The losses became unbearable. Four thousand casualties in a few months—that's not a sustainable deployment. The troops weren't trained for what they encountered, and Russian commanders weren't using them strategically. They were just feeding them into the meat grinder.
What does it tell us that Russia needed North Korean soldiers in the first place?
It tells us Russia is hemorrhaging manpower. They've been fighting for three years. They can offer higher pay to volunteers, they can recruit foreigners, but it's not enough. Bringing in North Koreans was a gamble that the manpower would be worth the diplomatic cost. It wasn't.
And Ukraine's recruitment problem—is that comparable?
It's different in kind. Ukraine is fighting on its own soil, defending its own country.
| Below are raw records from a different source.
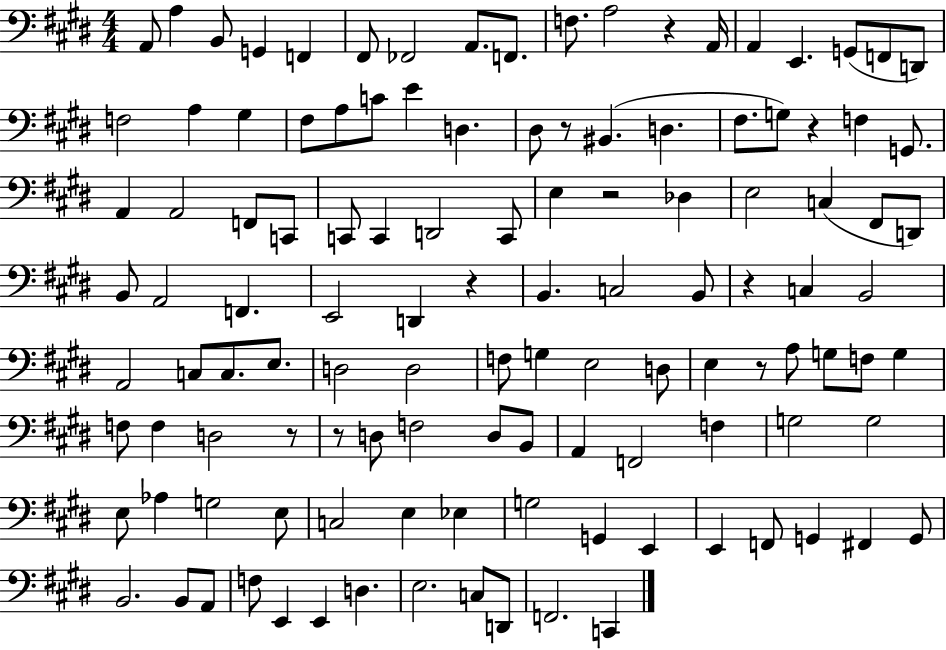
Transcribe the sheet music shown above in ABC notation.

X:1
T:Untitled
M:4/4
L:1/4
K:E
A,,/2 A, B,,/2 G,, F,, ^F,,/2 _F,,2 A,,/2 F,,/2 F,/2 A,2 z A,,/4 A,, E,, G,,/2 F,,/2 D,,/2 F,2 A, ^G, ^F,/2 A,/2 C/2 E D, ^D,/2 z/2 ^B,, D, ^F,/2 G,/2 z F, G,,/2 A,, A,,2 F,,/2 C,,/2 C,,/2 C,, D,,2 C,,/2 E, z2 _D, E,2 C, ^F,,/2 D,,/2 B,,/2 A,,2 F,, E,,2 D,, z B,, C,2 B,,/2 z C, B,,2 A,,2 C,/2 C,/2 E,/2 D,2 D,2 F,/2 G, E,2 D,/2 E, z/2 A,/2 G,/2 F,/2 G, F,/2 F, D,2 z/2 z/2 D,/2 F,2 D,/2 B,,/2 A,, F,,2 F, G,2 G,2 E,/2 _A, G,2 E,/2 C,2 E, _E, G,2 G,, E,, E,, F,,/2 G,, ^F,, G,,/2 B,,2 B,,/2 A,,/2 F,/2 E,, E,, D, E,2 C,/2 D,,/2 F,,2 C,,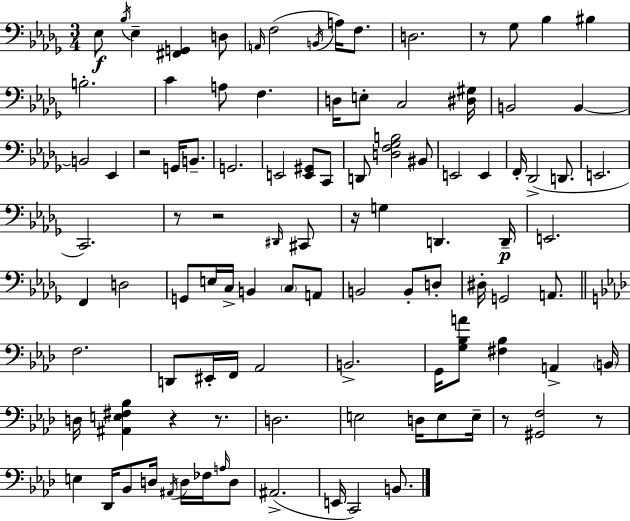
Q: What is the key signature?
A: BES minor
But people are exhausted. They've been conscripted, they've seen friends die, and now the government is lowering the age limit and pushing harder. Some are resisting violently. That's a sign the social contract is fraying.
What about Trump's demand for rare earth minerals?
It's a test of whether the West actually supports Ukraine, or whether it's transactional. Scholz is right to worry. If Ukraine trades away its mineral wealth for weapons, it's mortgaging its reconstruction. But if it refuses, it might lose American support when it needs it most.
So Ukraine is caught between military exhaustion, domestic resistance, and diplomatic pressure?
Exactly. The North Korean withdrawal shows that even Russia's solutions are failing. Ukraine has to solve three problems at once, and it's not clear it has the leverage to do it.